Bas les masques


Je ne sais si les muses sont en vacances ou si au contraire elles manquent de clients à inspirer, toujours est-il que parfois les idées fusent, tout comme un champ dont le semis aurait été trop serré, la récolte est épaisse, la boulimie d’écriture génère ses proses sans pauses ni poses. Le travail d’écriture, même s’il est un jeu, nécessite de la matière pour s’exprimer, tout comme le sculpteur part de son bout de matière, glaise, marbre, pierre, pour en tirer l’œuvre qui dedans y dormait, écrire n’est faisable que lorsqu’il y a de quoi écrire, à moins d’être un moine copieur, ancêtre de nos photocopieuses et autres imprimeries, recopiant à l’infini la copie des précieux écrits, il est vrai que les trente-cinq heures n’étaient pas encore nées ni les loisirs autres en odeur de sainteté. Point de copie, juste une mise en ligne de choses tordues poussant dans la tête, juste une exercice récréatif, exutoire peut-être, libérateur sûrement en tout cas, très amusant. Et si les muses se lâchent ainsi, c’est aussi qu’il n’y a personne sur le périphérique en cette époque, les bouchons et les gêneurs étant aux abonnés absents. Les grands flux migratoires de l’histoire de la vie se retrouvent dans une situation similaire à il y a quelques années, période faste et agréable, qui, si elle a vu l’invention de l’écriture sur blog n’en est pas moins qu’une continuité dans une vie de gratteur de papier. Simple constat qu’il est aisé de mesurer et d’en jouir, l’autosatisfaction ne faisant de mal à personne. Honni soit qui mal y pense, avait pour devise l’ordre de la jarretière, voilà qui devrait élever les ébats. Ah oui, l’humour est là, bien sûr, sans quoi la vie serait d’une tristesse à en pleurer, n’est-il pas ?
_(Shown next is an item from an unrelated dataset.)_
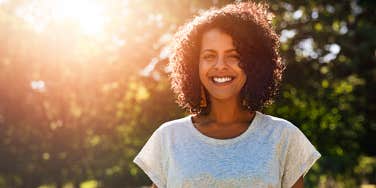 Confident, relaxed woman smiles outside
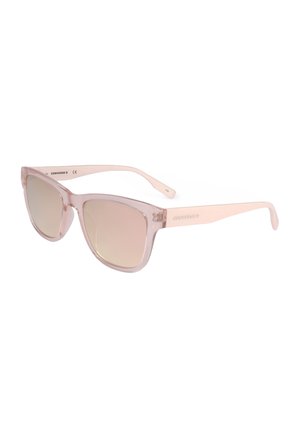 Occhiali da sole rosa chiaro traslucidi a forma di occhio di gatto con lenti marroni sfumate e aste sottili, con il marchio "Converse" sul lato.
Que les muses s’amusent à dicteur leurs courriers vers les quelques survivant qui œuvrent encore dans cet été cuisant, soit, mais alors, qu’elles le dictent bien. C’est vrai quoi ! Passons encore sur les métaphores et les décors naturels à un point qu’ils en paraissent surnaturels, mais tout de même, peut-on passer plus longtemps sous silence l’importance de la clé de onze dans le démontage et le montage de la deux chevaux ou bien encore la composition étonnante d’un mètre carré de plage océane après le passage de hordes de vacanciers ? Ah oui, il y a matière, mais il y a aussi matière et matière, certains jours on préfère le marbre, noble, et si riche de ses veines et des ses grains mais si dur à travailler, d’autres jours, on préférera l’argile réclamant du doigté et de la douceur dans la maitrise du couteau sous peine de détruire ce qui dormait dans ce bloc mou. Il y a des évidences comme des envies dansent, il y a surtout l’envie, les mots, les mots, toujours les mots, bruts ou lisses, précis ou noyés de sens, sens dessus-dessous, sens états d’âmes,  sensibles, sentiments et sensations, sempiternel jeu d’écriture qui ne rapporte rien, mais qui enrichit de prose les pages fussent-elles virtuelles. Il fait chaud, il fait ombre, il fait bon écrire et laisser jongler les mots dans leurs farandoles de phrases, parce que la vie danse, parce que la vie chante, parce que la vie rit, parce que la vie est surtout ce qu’on a de plus beau, de plus précieux, de plus authentique.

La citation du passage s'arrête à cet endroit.